Phase III Trial Did Not Show Superiority of Eribulin Compared With Capecitabine in Metastatic Breast Cancer

This abstract will be presented at a press conference hosted by C. Kent Osborne, M.D., director of the Lester and Sue Smith Breast Cancer Center at Baylor College of Medicine, on Friday, Dec. 7 at 7:30 a.m. CT in Room 217 A-C of the Henry B. Gonzales Convention Center. Reporters who cannot attend in person can call in using the following information:• U.S./Canada (toll free): 1 (800) 446-2782• International (toll call): 1 (847) 413-3235

Newswise — SAN ANTONIO — A phase III multicenter study of eribulin mesylate in women with previously treated metastatic breast cancer failed to meet its co-primary endpoints of improved progression-free survival and overall survival compared with capecitabine, according to data presented at the 2012 CTRC-AACR San Antonio Breast Cancer Symposium, held here Dec. 4-8.

“The study did not show a statistically significant benefit of eribulin over capecitabine, and it did not show a benefit in terms of progression-free survival, so the overall study objectives were not met,” said Peter A. Kaufman, M.D., associate professor of medicine at the Geisel School of Medicine at Dartmouth and the Norris Cotton Cancer Center in Lebanon, N.H.

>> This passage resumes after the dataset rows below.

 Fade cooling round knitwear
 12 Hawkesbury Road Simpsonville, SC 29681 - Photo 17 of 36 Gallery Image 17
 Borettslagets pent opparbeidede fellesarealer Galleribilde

“However, this is the first study demonstrating that eribulin is active in the first-, second- and third-line setting in metastatic breast cancer,” Kaufman said. “Although we didn’t show a statistically significant superiority over capecitabine, which was our goal, numerically the overall survival with eribulin was better than with capecitabine.”

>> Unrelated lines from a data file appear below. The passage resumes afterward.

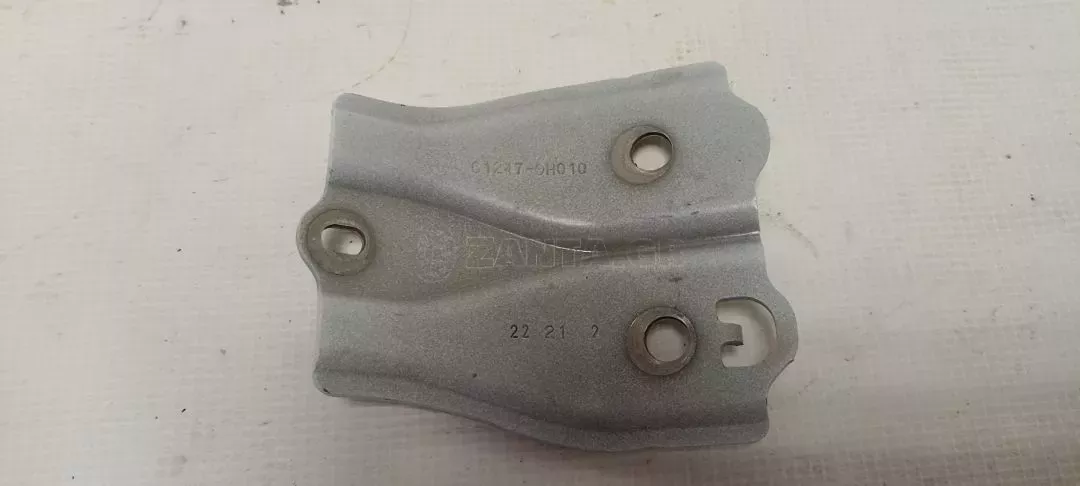 Μεντεσές Οροφής από Toyota Aygo - 61247-0H010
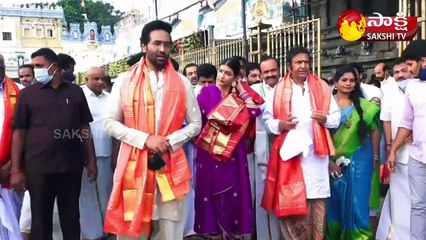 మోహన్ బాబు వెనుక మంచు లక్ష్మి, విష్ణు అల్లరి చూడండి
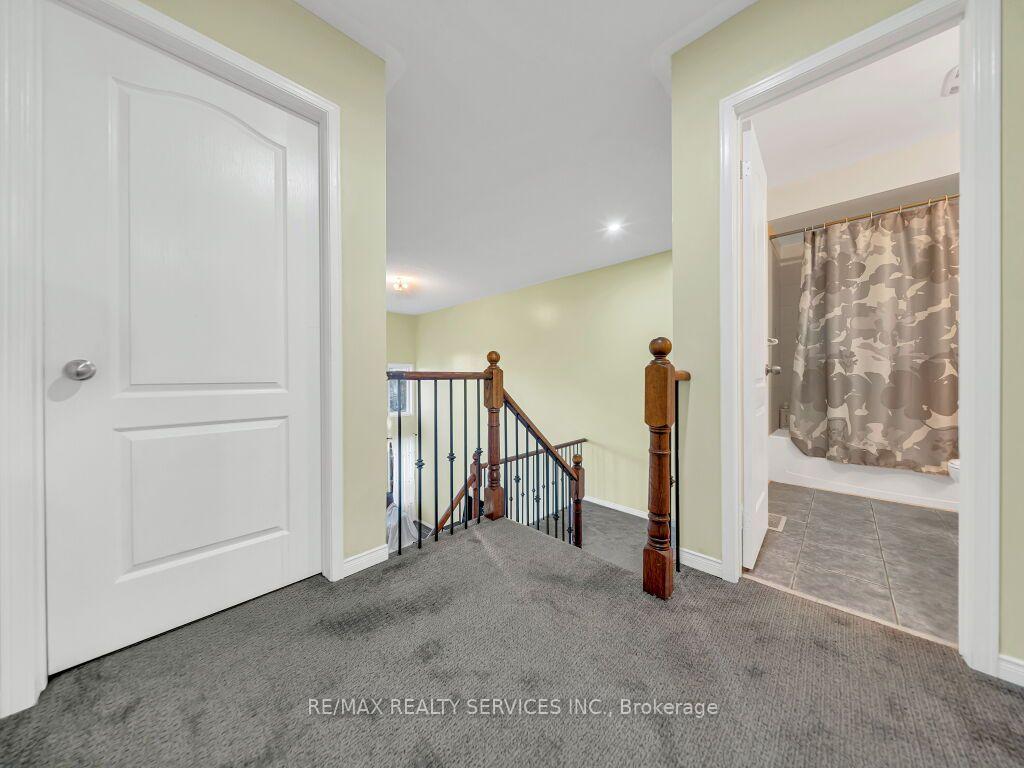 Photo 22 of 355 Edenbrook Hill Drive, Brampton, Fletcher's Meadow — HOMEH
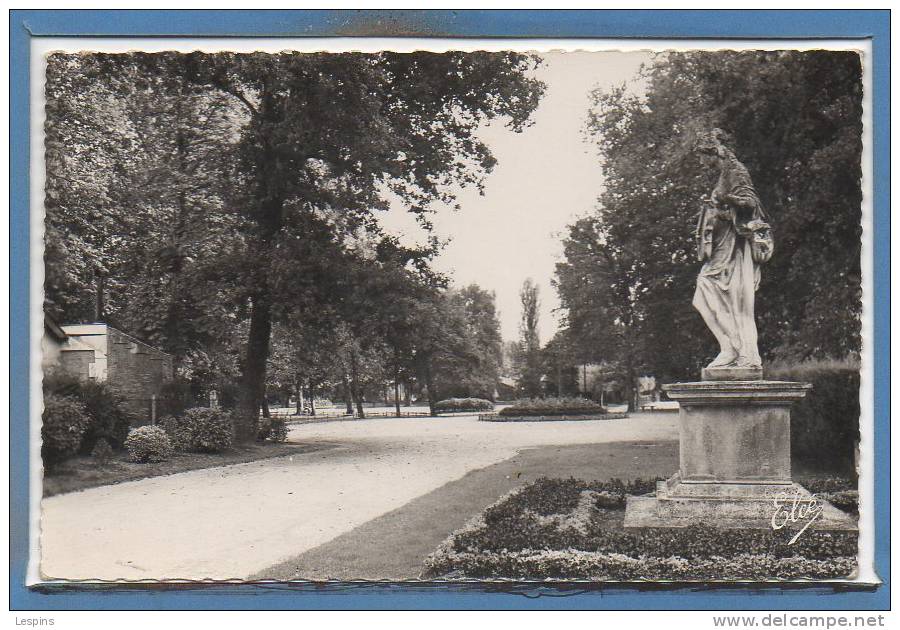 33 - PESSAC --  L'entrée De Son Magnifique Parc - 1950 - 60 - Pessac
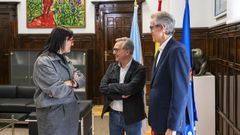 Anaa Bel�n Fern�ndez, Luis Menor y Jos� Manuel Diaz Barreiro, en el Pazo Provincial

In 2010, the FDA approved eribulin for the treatment of patients with metastatic breast cancer who had previously received an anthracycline and a taxane and at least two cytotoxic chemotherapy treatment regimens for metastatic breast cancer. The FDA granted approval based on data showing a statistically significant improvement in overall survival compared with current treatments.

Kaufman and colleagues examined whether eribulin would be effective as an earlier-line treatment in women with metastatic breast cancer. They randomly assigned 1,102 patients to eribulin or capecitabine. Patients had all received prior anthracycline- and taxane-based therapy and received the study drug as the first, second or third line of therapy for metastatic disease.

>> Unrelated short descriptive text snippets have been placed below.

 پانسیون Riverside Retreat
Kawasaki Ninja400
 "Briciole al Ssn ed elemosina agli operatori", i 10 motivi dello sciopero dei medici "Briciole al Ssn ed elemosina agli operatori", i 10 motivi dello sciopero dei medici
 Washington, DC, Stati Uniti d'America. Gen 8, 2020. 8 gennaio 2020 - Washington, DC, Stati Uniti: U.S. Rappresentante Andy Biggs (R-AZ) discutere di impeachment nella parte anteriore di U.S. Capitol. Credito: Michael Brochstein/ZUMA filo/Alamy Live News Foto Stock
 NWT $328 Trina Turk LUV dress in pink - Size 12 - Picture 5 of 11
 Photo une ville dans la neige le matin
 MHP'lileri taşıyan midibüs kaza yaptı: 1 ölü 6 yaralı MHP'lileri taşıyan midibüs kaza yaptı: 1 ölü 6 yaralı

The median overall survival for patients assigned to eribulin was 15.9 months compared with 14.5 months for patients assigned to capecitabine. Median progression-free survival was 4.1 months for eribulin and 4.2 months for capecitabine.

Exploratory analyses of patient subsets showed that the median overall survival in women with HER2-negative breast cancer was 15.9 months with eribulin compared with 13.5 months with capecitabine. In women with triple-negative breast cancer, which is a particularly aggressive subset, the median overall survival was 14.4 months with eribulin compared with 9.4 months with capecitabine.

Kaufman and colleagues are still compiling data from the quality-of-life analysis, which according to Kaufman, will help guide their next steps in further studying eribulin in this patient population.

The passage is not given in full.